Wasze perfumy szczególnie podobają się kobietom. Czy pasują również mężczyznom? Spotkałam kiedyś mężczyznę, który pachniał niesamowicie. Kiedy zapytałam go o jego perfumy, opowiedział mi o Coco Mademoiselle Chanel, klasycznym zapachu dla kobiet, do którego dodał oud. Stworzyło to zupełnie nową kompozycję zapachową, której nie sposób się oprzeć.
Uważam, że przy wyborze perfum nie powinniśmy kierować się płcią, ale tym, co nam się podoba.
Trwałość zapachu jest ważna dla wielu osób przy zakupie perfum. Jak sprawdzić, czy zapach jest trwały? Ogólnie rzecz biorąc, drzewno-ciepłe nuty, takie jak oud, bursztyn czy żywice, utrzymują się znacznie dłużej, podczas gdy lekkie, owocowe zapachy ulatniają się szybciej. Moja rada: Jeśli masz suchą skórę, nawilż wcześniej miejsca, w których zapach będzie miał kontakt ze skórą. To wydłuży jego trwałość. Jeśli masz tłustą skórę, unikaj nakładania dodatkowego kremu nawilżającego, ponieważ przyniesie to odwrotny efekt. W przeciwnym razie ubrania i włosy będą dobrymi nośnikami zapachu.

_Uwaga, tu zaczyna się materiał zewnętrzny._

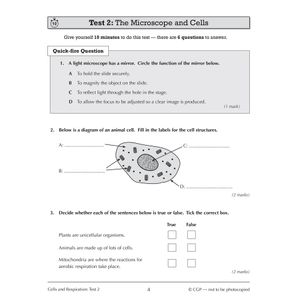KS3 Science 10-Minute Tests (Ages 11-14) Look Inside Image 15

Sezonowe zapachy są teraz w modzie. Dlaczego sięgamy po różne perfumy w zależności od pory roku? Upał wzmacnia zapachy, a zimno przyspiesza ich ulatnianie. Latem ludzie często preferują lekkie, świeże zapachy, aby nie czuć się przytłoczeni własnymi perfumami. W chłodniejszych porach roku cięższe zapachy znów są w modzie, ponieważ niższe temperatury nie rozwijają ich tak intensywnie.
 
 
 
 
Wybór zapachów wydaje się nieograniczony. Jakiej rady udzieliłbyś komuś, kto jeszcze nie znalazł swojego stylu? Zapachy powinny być zabawą. Próbuj czegoś nowego każdego dnia, łącz je, eksperymentuj. Używaj mini zestawów lub próbek zapachów, eksperymentuj z perfumowanymi balsamami do ciała lub żelami pod prysznic. Nie ma dobrych ani złych – zapachy to sztuka, która nie ma reguł.